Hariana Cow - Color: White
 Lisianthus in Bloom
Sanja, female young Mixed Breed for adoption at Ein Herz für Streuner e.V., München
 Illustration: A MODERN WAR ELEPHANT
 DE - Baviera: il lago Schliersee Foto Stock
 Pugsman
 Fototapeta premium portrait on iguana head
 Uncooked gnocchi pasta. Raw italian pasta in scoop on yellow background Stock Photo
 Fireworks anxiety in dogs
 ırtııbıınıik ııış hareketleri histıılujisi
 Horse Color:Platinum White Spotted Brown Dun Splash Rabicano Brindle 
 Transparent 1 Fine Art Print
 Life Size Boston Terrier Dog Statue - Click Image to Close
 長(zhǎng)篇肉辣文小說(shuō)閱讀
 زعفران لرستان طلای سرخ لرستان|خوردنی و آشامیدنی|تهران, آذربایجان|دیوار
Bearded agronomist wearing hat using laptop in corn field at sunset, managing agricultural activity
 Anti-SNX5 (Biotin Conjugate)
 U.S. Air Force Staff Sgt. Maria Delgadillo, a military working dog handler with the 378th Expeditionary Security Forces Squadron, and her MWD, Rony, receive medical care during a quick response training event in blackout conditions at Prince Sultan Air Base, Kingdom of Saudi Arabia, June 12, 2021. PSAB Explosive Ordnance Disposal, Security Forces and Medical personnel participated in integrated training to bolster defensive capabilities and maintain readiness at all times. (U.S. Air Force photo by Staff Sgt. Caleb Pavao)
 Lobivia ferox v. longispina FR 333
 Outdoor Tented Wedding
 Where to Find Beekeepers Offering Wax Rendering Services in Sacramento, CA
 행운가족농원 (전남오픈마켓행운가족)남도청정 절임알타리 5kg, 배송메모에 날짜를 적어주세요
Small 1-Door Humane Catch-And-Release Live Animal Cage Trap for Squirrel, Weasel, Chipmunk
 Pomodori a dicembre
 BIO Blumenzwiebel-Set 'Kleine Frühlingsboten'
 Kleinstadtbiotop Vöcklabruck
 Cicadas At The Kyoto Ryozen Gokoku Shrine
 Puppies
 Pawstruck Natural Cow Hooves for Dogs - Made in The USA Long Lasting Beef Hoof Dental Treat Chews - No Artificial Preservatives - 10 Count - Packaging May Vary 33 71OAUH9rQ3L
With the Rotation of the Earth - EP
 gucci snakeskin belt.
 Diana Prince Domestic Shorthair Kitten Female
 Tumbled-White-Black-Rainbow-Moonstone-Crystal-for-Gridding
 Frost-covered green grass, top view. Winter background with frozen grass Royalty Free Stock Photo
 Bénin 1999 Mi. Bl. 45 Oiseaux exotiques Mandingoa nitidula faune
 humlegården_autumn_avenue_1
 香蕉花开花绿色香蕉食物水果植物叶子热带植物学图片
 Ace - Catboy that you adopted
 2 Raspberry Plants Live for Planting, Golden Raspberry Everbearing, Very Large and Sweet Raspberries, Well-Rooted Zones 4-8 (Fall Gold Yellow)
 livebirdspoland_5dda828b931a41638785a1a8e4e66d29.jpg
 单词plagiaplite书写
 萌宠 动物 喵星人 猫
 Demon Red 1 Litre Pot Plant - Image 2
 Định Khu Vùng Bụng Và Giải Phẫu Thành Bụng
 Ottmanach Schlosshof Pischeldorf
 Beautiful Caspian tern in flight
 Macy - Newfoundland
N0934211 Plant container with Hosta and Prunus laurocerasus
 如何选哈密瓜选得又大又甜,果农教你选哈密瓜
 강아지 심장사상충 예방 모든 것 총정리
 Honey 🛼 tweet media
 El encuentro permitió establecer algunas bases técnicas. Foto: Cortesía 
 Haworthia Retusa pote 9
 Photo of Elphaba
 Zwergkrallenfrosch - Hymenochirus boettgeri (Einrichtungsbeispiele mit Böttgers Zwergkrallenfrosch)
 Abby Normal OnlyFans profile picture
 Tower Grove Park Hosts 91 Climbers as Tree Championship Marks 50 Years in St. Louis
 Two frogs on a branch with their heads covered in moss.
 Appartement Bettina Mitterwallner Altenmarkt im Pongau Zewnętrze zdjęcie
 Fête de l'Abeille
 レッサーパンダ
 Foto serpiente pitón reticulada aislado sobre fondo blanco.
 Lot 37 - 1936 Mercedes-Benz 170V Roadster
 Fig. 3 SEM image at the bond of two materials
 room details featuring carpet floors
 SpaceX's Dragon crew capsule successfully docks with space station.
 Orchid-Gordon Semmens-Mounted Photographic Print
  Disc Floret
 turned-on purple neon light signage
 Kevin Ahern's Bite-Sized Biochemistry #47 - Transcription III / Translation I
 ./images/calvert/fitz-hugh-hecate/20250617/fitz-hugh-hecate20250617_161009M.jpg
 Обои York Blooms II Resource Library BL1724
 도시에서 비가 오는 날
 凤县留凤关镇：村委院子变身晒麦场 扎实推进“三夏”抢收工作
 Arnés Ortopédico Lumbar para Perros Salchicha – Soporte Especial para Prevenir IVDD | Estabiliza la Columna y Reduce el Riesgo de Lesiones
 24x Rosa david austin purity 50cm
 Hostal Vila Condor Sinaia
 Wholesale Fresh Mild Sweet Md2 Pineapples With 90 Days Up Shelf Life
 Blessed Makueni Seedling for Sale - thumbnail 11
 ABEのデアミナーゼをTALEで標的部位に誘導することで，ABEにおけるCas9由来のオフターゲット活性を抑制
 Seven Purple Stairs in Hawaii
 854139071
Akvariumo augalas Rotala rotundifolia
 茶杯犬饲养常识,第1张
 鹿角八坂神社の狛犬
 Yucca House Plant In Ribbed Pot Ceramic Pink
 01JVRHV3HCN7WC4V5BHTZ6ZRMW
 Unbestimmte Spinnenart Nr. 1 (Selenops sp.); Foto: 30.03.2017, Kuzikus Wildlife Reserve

» TASK STATEMENT
Using the material, count the lines where the word "White" appears. Give the number by itself.

» EXERCISE OUTPUT
3